Teaching further requires something of a preacher: it is not exactly comforting the afflicted and afflicting the comfortable, but it’s close. My task is to clarify what seems obscure and to render obscure and challenging what seems already clear. When we read Nietzsche, my religious students need to feel the force of his objections regarding their ability to love this world; when we look at arguments for the existence of God, my atheist students need to recognize that there might well be good arguments for the unseen. One challenging aspect of leading class discussions that pertains to this role: negotiating the varying levels and kinds of authority that students have over one another. I had one student in an ethics course who was a refugee from Syria; she could claim experiential authority concerning the complexities of the situation there that no one else could match, but her engagement rarely extended to explaining those complexities. Another student in the same class was of Lebanese descent; he was particularly eloquent (which carries its own kind of authority) and especially interested in thinking about ethical examples from the current situations in the Middle East. They clashed frequently but productively, and I understood my role to be challenging each of them in a different way, so as to provide some check on their authority over the other students, thus enabling the free flow of discussion.

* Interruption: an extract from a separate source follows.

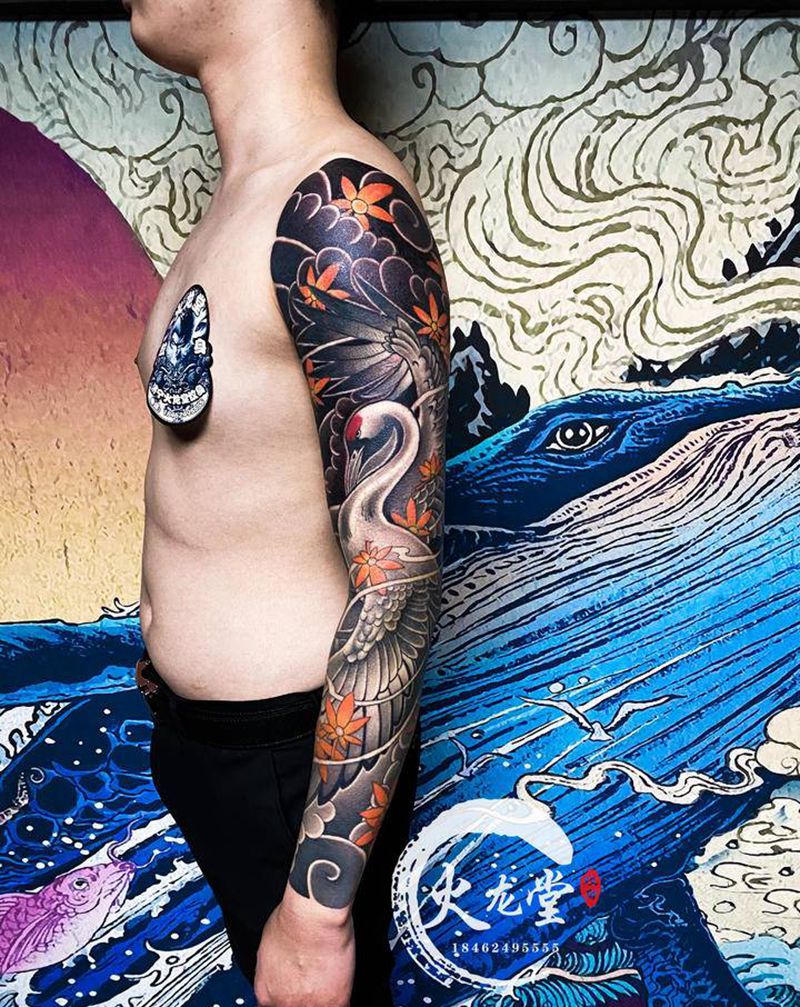 老传统花臂鹤纹身图片_手臂肩部老传统鹤纹身图案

Above all, teaching requires a seeker: most people will not recognize their longing for wisdom unless it is manifest that we ourselves, their teachers, are shaped by that longing. I think the most important things I can do for students in this respect are to take their questions seriously, strengthening them as necessary, and to make at least some of my own questions public, demonstrating what the life devoted to philosophy can look like.
Concretely, I think about teaching in two ways, both indebted to Aristotle. On one side, there is the need to proceed in small steps, with frequent, sequenced assignments, so as to build good habits. The other side requires successfully navigating the economy of student life by structuring grade incentives to give them external reasons for doing intrinsically worthwhile things. (I take the latter to be a way of managing moral luck.)
[For particular examples of these concrete strategies or to see particular syllabi, please contact me.]
While I am trying to introduce my students to some of the great thinkers from world history, I am also convinced that teaching philosophy requires instilling a love for language and a concern for moral character as deeply relevant to intellectual inquiry. I am grateful to have been honored with such a calling.